PROMPT: Exactly as written, set down the lines from the top of the entries through the line bearing "On today's show, I'm", with every picture left out.

SOURCE MATERIAL:
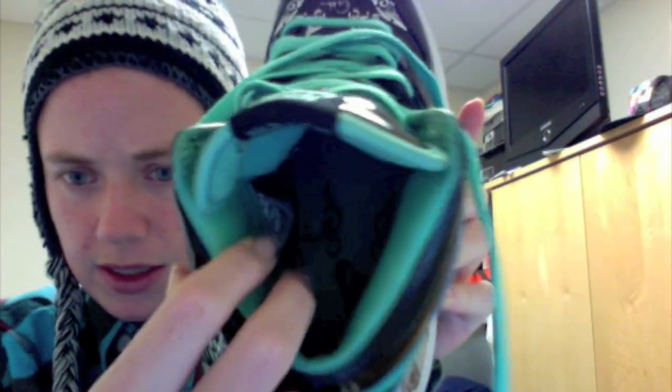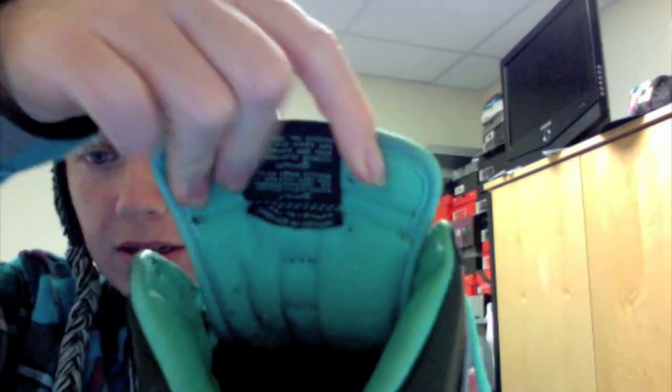A really unique feature about these I didn't know before I bought them — I found out afterwards — was that the inside, well you can see the design there, but the inside has a leather lining, which is really nice. The only downside is the tongue is not leather, although I guess that's better when you wear them — you don't want it to be leather.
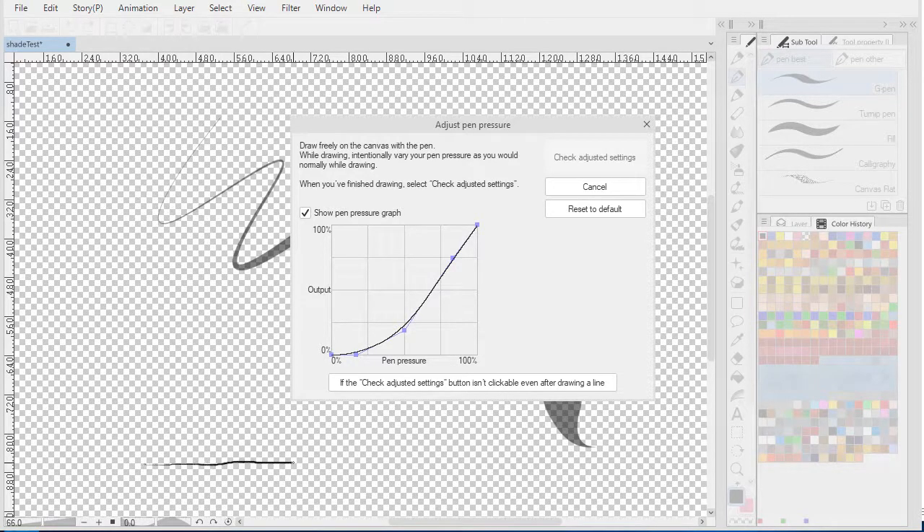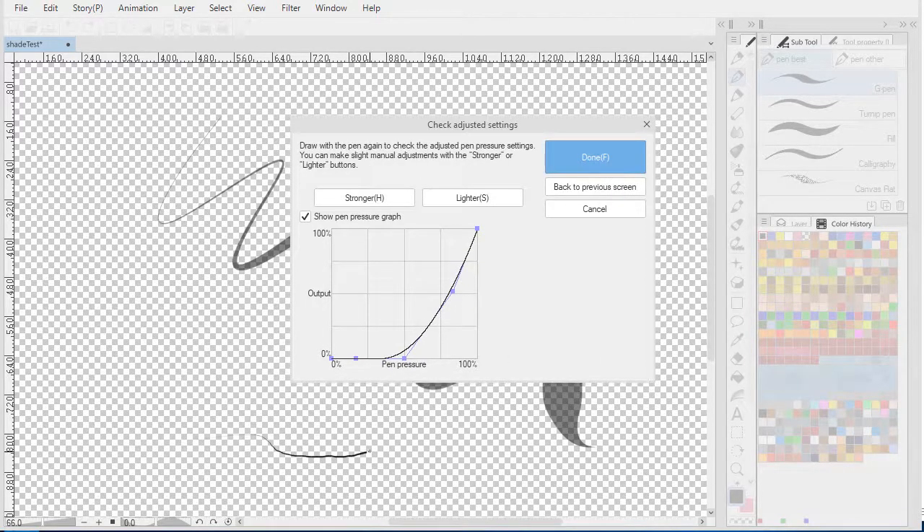Start light, and then press harder and harder. That updates your curve. Then you can check the output and see how that looks, and you can increase it, make it stronger or lighter.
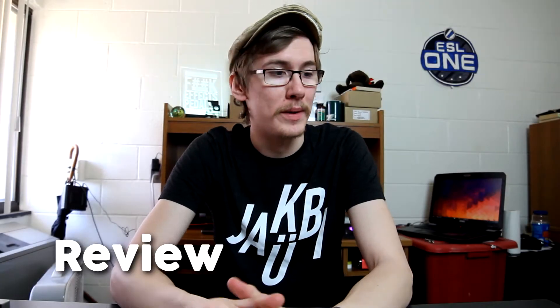Hey guys, so I want to do a little review. I've been kind of wanting to break into showing you some products that I use, telling you how I use them, why I use them, what I think about them, stuff like that.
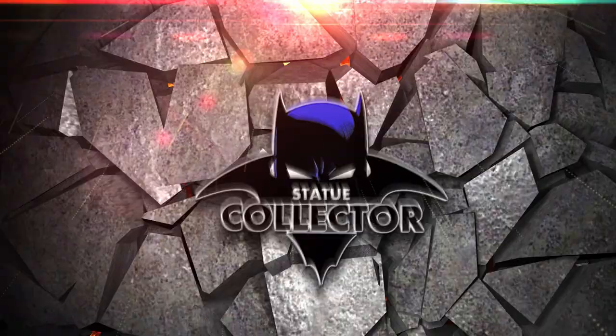On today's show, I'm going to be reviewing the incredible Lee Bermejo 1/3 scale statue from Prime 1 Studio.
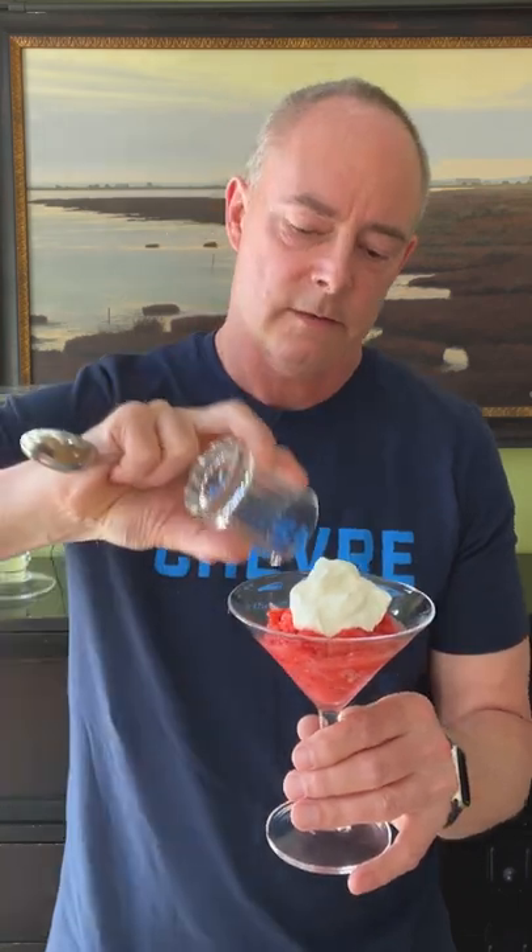You also have the option of serving it up with a little bit of your favorite liqueur. I've got some aged rum here. It's great with vodka, Cointreau, whatever you have on hand — whatever you like — for a little more adult take.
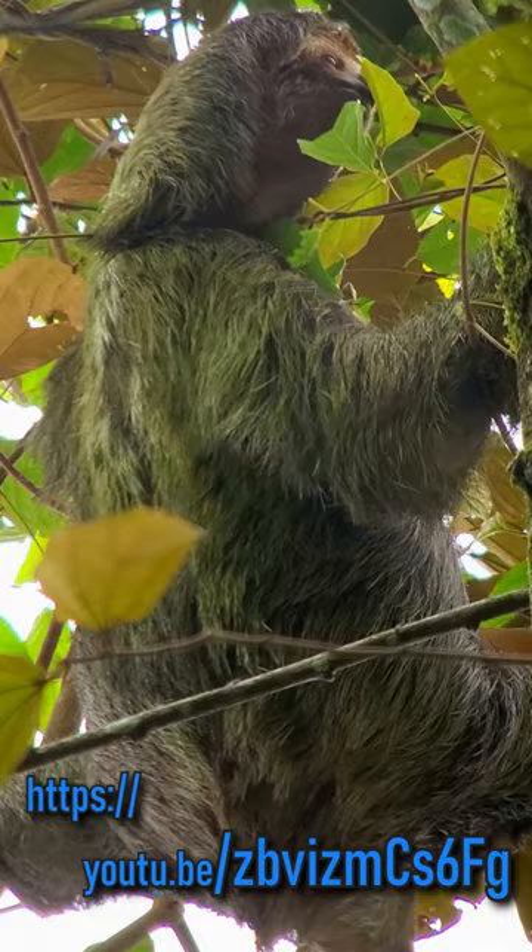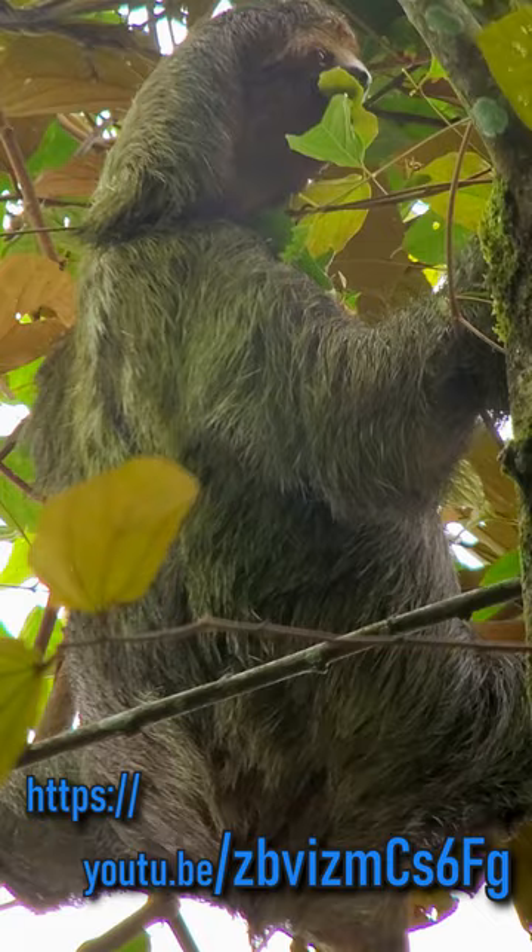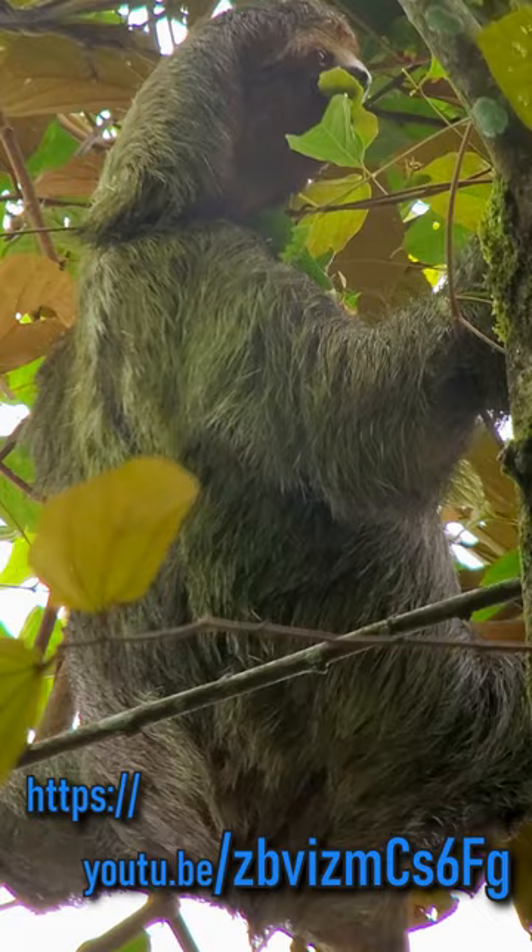Sloths are very light animals. They weigh between 14 to 17 pounds. The bodies are very bony, not much muscle, strong ligaments, so they can lock the tendons of the claws and hold onto the trees even when they sleep.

WRITTEN RESPONSE:
A really unique feature about these I didn't know before I bought them — I found out afterwards — was that the inside, well you can see the design there, but the inside has a leather lining, which is really nice. The only downside is the tongue is not leather, although I guess that's better when you wear them — you don't want it to be leather.
Start light, and then press harder and harder. That updates your curve. Then you can check the output and see how that looks, and you can increase it, make it stronger or lighter.
Hey guys, so I want to do a little review. I've been kind of wanting to break into showing you some products that I use, telling you how I use them, why I use them, what I think about them, stuff like that.
On today's show, I'm going to be reviewing the incredible Lee Bermejo 1/3 scale statue from Prime 1 Studio.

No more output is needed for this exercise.